Do Colleges Ask You to Declare a Major at The Time You Apply?

When we start working with college admission candidates as early as 9th or 10th grade, we often ask them what they are passionate about or which subject they are most interested in. When we do, we understand that preferences and passions can change quickly, due to one great teacher, an interesting summer experience, or even a simple field trip to a lab, a museum, or a historical site. Nonetheless, the information is useful to us because it gives us a direction in which to start our journey. From there, we expect the nature of curiosity and talent to take its course.

The same is true of colleges. When you start filling out college applications, you will be asked what you intend to study. The question can take many forms, some more daunting than others. In very few cases are you asked to declare an actual major at the time of application. Instead, colleges are simply trying to get a feel for what their applicants intend to study so that they can cobble together a well-rounded student body. They know very well that many, if not most, applicants will change their minds by the time they are asked to declare their major, which typically occurs at the end of sophomore year.

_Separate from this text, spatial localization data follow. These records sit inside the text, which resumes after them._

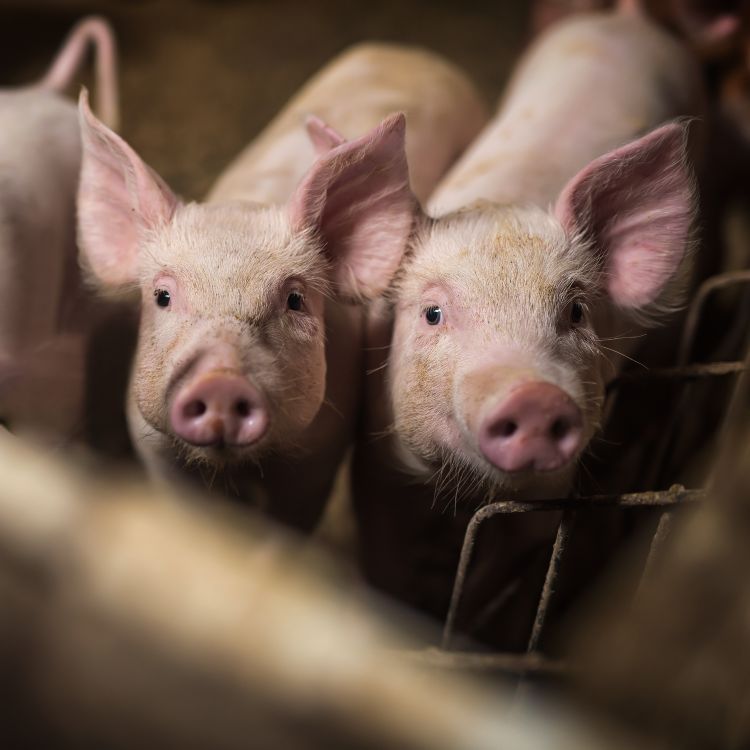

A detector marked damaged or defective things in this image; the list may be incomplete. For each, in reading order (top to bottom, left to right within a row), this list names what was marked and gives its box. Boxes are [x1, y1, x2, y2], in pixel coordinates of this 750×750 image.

rusty metal bar [528, 512, 576, 656]
rusty metal bar [440, 484, 704, 648]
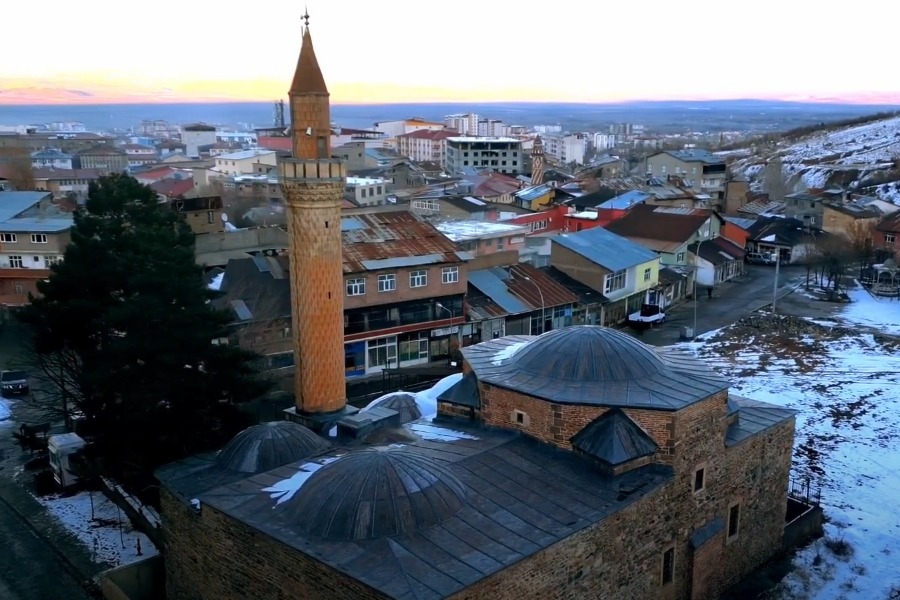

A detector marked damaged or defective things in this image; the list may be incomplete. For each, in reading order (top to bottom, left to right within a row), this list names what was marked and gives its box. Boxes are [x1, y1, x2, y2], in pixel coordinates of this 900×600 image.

rusty metal roof [340, 211, 464, 274]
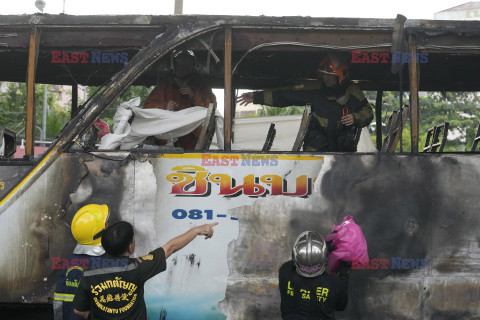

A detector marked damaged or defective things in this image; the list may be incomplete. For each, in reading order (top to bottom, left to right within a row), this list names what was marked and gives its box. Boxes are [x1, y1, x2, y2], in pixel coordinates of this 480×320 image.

burnt bus interior [0, 14, 480, 162]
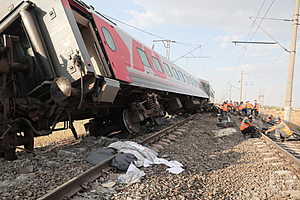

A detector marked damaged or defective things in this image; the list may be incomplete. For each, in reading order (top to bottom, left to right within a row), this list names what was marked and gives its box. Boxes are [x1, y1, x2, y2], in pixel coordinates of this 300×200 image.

damaged train body [0, 0, 213, 159]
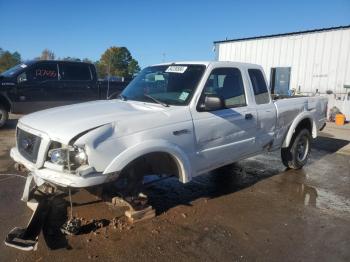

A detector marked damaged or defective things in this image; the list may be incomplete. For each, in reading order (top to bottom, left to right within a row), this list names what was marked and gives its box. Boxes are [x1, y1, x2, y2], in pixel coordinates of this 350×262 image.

However, as with many aspects of college admission, the question posed in the title of this article is neither simple nor universal. First, it must be recognized that the term “major” only refers to a collection of classes, or credits, within a larger body of classes taken by the student while at college. A college degree typically consists of 120 credits, of which approximately 40 credits must be earned by taking classes directly related to one’s major. The other 80 credits are typically earned by taking a college’s core requirements, electives, and extracurricular or curricular-related activities (labs, research, internships, etc.)

Next it is important to realize that, in addition to majors, students have the option of earning minors, and/or concentrations. These are like majors in that they require a certain number of credits, but that number is typically much lower than the number of credits needed for a major. Therefore, it is possible to not only have a major, or a double major, but also one or two concentrations or minors as well. Typically, concentrations or minors fall into two categories: secondary interests and areas of special interest. For example, a student could minor in dance if she has an interest in dance but has no intention of pursuing it as a career. Alternatively, a student could have a major in biology and minor in bioethics to enhance one’s understanding of the moral issues that arise in the field of biology.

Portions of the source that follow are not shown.